Bug #12427
closedOSD dies after a couple of seconds
0%
Description
I upgraded my cluster from 0.94.2 to 3f04a6126fdbfb93304f798da3775c0eec9b7d44 (2015-07-20), first by upgrading all of the mons which seemed to go smoothly. Then I upgraded one of the machines hosting my ods. This resulted in aborts when starting any of the osds.
Files
Updated by William Kennington almost 9 years ago
Also when creating a fresh OSD using the git code I get the following abort. http://sprunge.us/OHYN
Updated by William Kennington almost 9 years ago
It's also worth noting that the remaining 0.94.2 osds are reporting CRC errors in the osdmap.
Updated by Samuel Just almost 9 years ago
The crc errors in the osdmap are actually correct, the new osds encode a version other than what the mons encode since they know about new fields so they request the actual fullmap from the mon.

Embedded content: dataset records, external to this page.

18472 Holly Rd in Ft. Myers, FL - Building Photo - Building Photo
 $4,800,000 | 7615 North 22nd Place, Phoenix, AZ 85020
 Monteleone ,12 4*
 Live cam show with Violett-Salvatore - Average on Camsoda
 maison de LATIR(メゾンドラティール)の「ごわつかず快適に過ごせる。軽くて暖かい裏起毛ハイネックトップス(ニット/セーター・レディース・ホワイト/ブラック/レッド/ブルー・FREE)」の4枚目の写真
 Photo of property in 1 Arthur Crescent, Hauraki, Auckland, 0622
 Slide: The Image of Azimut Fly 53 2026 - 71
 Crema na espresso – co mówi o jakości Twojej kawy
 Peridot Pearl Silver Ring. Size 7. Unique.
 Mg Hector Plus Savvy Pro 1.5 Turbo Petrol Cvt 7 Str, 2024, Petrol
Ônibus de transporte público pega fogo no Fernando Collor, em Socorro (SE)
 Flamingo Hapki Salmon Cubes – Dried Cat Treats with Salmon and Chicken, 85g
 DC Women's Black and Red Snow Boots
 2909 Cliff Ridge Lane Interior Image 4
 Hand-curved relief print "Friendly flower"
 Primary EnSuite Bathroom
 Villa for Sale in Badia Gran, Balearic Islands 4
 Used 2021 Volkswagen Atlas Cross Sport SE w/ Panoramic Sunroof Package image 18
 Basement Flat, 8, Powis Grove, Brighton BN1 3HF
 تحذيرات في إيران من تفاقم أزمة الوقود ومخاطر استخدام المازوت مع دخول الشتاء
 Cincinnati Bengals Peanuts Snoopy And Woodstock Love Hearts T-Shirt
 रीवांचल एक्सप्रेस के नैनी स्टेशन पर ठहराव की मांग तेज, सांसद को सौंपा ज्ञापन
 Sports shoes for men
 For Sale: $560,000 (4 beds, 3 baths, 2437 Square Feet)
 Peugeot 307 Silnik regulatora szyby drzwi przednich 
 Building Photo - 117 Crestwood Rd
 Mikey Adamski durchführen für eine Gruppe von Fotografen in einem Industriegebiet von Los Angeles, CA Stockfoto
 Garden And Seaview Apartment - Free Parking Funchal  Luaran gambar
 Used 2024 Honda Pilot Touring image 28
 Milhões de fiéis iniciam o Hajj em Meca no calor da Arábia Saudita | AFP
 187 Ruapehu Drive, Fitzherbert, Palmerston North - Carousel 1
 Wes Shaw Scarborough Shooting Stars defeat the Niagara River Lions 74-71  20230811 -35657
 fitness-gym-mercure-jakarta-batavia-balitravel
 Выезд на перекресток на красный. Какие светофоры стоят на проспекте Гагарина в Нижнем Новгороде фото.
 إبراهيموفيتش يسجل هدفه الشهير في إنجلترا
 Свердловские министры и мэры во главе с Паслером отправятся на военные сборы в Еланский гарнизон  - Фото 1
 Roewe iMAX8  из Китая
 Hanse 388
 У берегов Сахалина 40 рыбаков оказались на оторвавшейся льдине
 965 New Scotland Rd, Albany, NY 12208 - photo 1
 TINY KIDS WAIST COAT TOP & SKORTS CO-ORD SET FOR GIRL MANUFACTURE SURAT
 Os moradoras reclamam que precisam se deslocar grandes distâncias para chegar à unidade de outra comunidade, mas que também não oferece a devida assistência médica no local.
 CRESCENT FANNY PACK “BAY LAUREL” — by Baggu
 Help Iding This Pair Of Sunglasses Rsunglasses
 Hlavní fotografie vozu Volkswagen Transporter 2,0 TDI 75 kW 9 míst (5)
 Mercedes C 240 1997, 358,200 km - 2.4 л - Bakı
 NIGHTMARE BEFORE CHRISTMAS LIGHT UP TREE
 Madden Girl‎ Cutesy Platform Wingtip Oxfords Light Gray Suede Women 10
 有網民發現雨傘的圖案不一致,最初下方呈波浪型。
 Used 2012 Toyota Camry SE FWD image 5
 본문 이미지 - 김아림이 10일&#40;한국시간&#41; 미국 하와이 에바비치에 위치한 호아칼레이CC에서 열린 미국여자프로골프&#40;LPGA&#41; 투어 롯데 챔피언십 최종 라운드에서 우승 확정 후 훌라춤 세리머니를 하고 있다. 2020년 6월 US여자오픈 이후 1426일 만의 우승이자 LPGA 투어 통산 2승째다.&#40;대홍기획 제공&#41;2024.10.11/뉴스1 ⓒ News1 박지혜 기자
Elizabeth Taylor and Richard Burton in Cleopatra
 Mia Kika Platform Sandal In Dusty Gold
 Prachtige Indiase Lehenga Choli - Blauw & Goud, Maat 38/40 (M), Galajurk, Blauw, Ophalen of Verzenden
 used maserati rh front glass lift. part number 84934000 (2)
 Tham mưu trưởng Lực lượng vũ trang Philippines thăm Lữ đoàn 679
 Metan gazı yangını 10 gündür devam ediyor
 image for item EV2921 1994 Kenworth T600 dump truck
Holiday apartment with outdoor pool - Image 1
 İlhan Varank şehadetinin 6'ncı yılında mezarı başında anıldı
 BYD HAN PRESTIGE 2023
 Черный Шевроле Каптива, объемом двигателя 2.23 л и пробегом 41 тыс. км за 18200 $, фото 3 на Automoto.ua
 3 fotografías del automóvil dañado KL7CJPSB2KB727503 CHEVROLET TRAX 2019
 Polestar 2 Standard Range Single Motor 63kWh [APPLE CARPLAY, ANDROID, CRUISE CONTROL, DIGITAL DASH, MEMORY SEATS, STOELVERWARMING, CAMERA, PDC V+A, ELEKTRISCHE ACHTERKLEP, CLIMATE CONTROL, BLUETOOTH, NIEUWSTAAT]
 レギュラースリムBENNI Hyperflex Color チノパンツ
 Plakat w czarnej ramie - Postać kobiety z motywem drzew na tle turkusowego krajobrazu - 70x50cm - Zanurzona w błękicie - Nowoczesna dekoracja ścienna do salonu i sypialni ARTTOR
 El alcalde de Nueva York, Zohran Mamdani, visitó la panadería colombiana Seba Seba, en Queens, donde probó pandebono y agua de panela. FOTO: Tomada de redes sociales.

The second link with the new code is an actual bug (confirmed in our testing) with current master, http://tracker.ceph.com/issues/12536. That leaves the first log which looks like a corrupted journal. That doesn't seem obviously upgrade related since I don't know of anything that changed in that area since hammer. If you are able to reproduce the journal corruption I'll look further.
Updated by Sage Weil about 7 years ago
- Status changed from New to Can't reproduce